At first, it sounds pretty weird to propose scheduling deferred actions on the global environment.
It's not ephemeral, the way function execution environments are.
It goes out of scope very rarely, i.e. when you exit R.
Why would you want this?
The answer is: for development purposes.
If you are developing functions or tests that use withr, it's very useful to be able to execute that code interactively, without error, and with the ability to trigger the deferred events.
It's hard to develop with functions that work one way inside a function, but another way in the global environment (or, worse, throw an error).

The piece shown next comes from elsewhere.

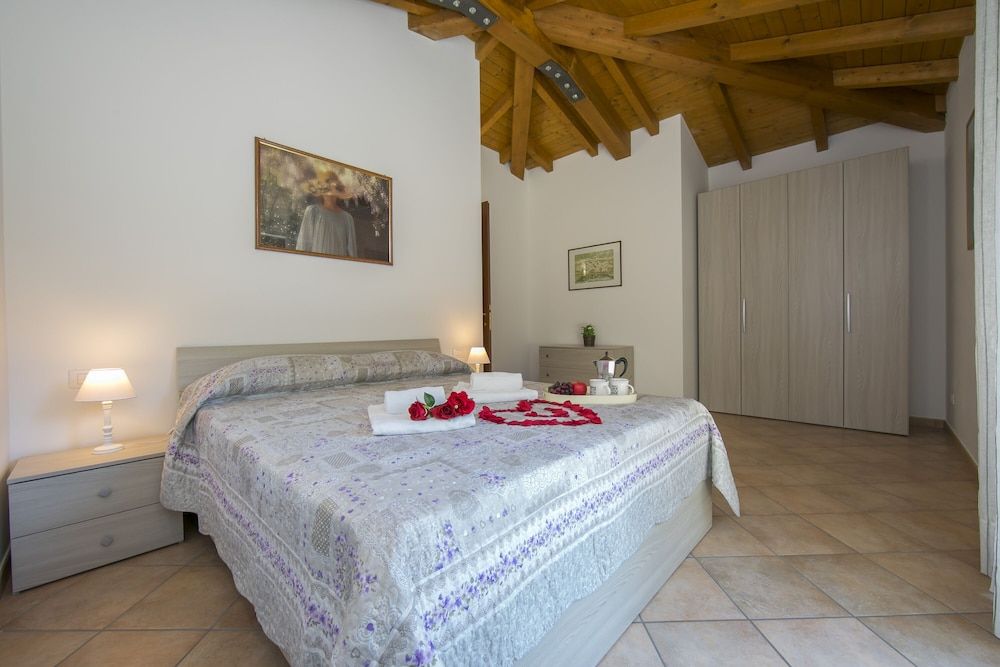 Family Townhome, 2 Bedrooms, 2 Bathrooms (Le Betulle Garden in Laveno)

Here's how `defer()` (and all functions based on it) works in an interactive session.
```{r}
library(withr)
defer(print("hi"))
pi
# this adds another deferred event, but does not re-message
local_digits(3)
pi
deferred_run()
pi
```
Note that because this example is running in a vignette, it doesn't look exactly the same as what you'll see interactively. When you defer events on the global environment for the first time, you get this message that alerts you to the situation:
```{r, eval = FALSE}
defer(print("hi"))
#> Setting global deferred event(s).
#> i These will be run:
#> * Automatically, when the R session ends.
#> * On demand, if you call `withr::deferred_run()`.
#> i Use `withr::deferred_clear()` to clear them without executing.
```
If you add subsequent events, the message is *not* repeated.
Since the global environment isn't perishable, like a test environment is, you have to call `deferred_run()` explicitly to execute the deferred events. You can also clear them, without running, with `deferred_clear()`.